O que Sarney está dizendo, com um pouco mais de doçura, é que a verdade dói. E que o conhecimento da história não é motivo suficiente para suportar essa dor. Pelo contrário, abre mais feridas, feridas que já havíamos esquecido. E provavelmente prejudica a Pátria.

O senador Sarney é um homem que acredita na Pátria. Acredita com paixão, quase adoração. Não admite, portanto, que ela corra risco - e é isso que a história pretende fazer.

Mas no fundo Sarney é um homem bom: ele quer poupar os presidentes da Bolívia e do Peru de sentimentos mesquinhos como a cobiça, a inveja e a vingança. Sarney sabe que, se esses países tomarem conhecimento de um mapa da América do Sul diferente do atual, fatalmente começará uma terrível guerra, que provavelmente nos extinguirá a todos em pouco tempo.

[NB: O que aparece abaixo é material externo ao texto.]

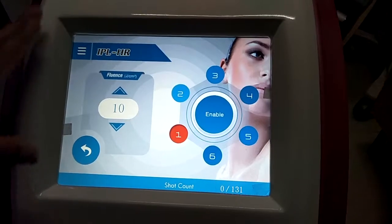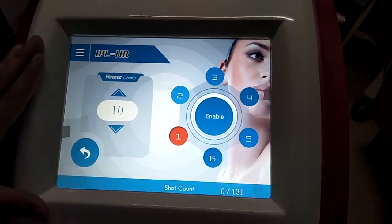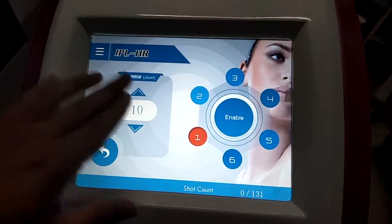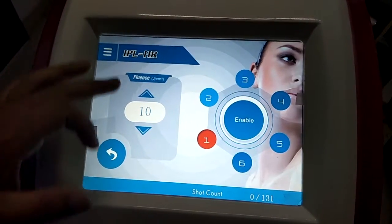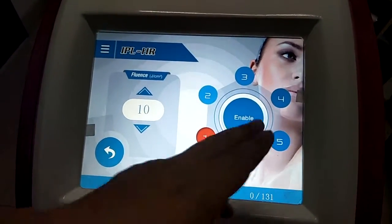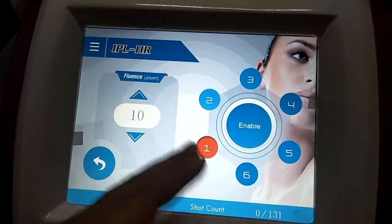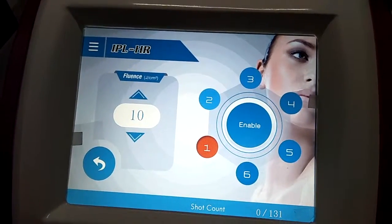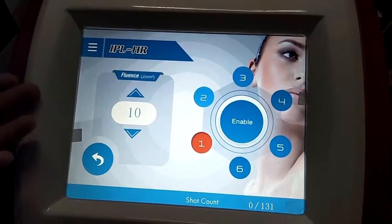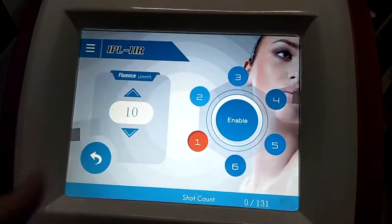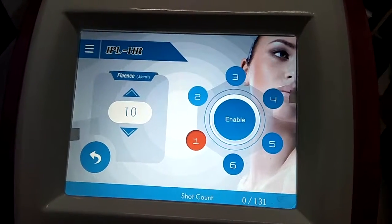Here we enter the working interface. On the left is Fluence, which means energy — the energy is for IPR. On the right is the skin type, from one to six. One and two means white skin, three and four means yellow skin, and five and six means black skin.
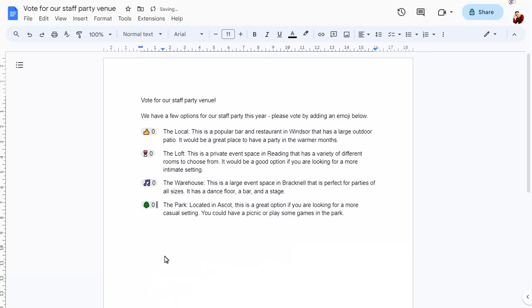Anyone viewing the document can click on the emoji that they want to vote for, but do remember that there are no limitations on how many times someone can click on any emoji.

Por isso, o ideal é esconder esses documentos, e seria melhor queimá-los, pois, mesmo se um brasileiro consultar, não poderá fazer menção alguma a eles. Também seria altamente recomendável que os livros de história nada mencionassem sobre o assunto, pelo mesmo motivo. A nossa história começou em 1500 e, para nossa felicidade, tínhamos as mesmas fronteiras de agora. Até o Acre estava lá. Tudo perfeitamente em harmonia.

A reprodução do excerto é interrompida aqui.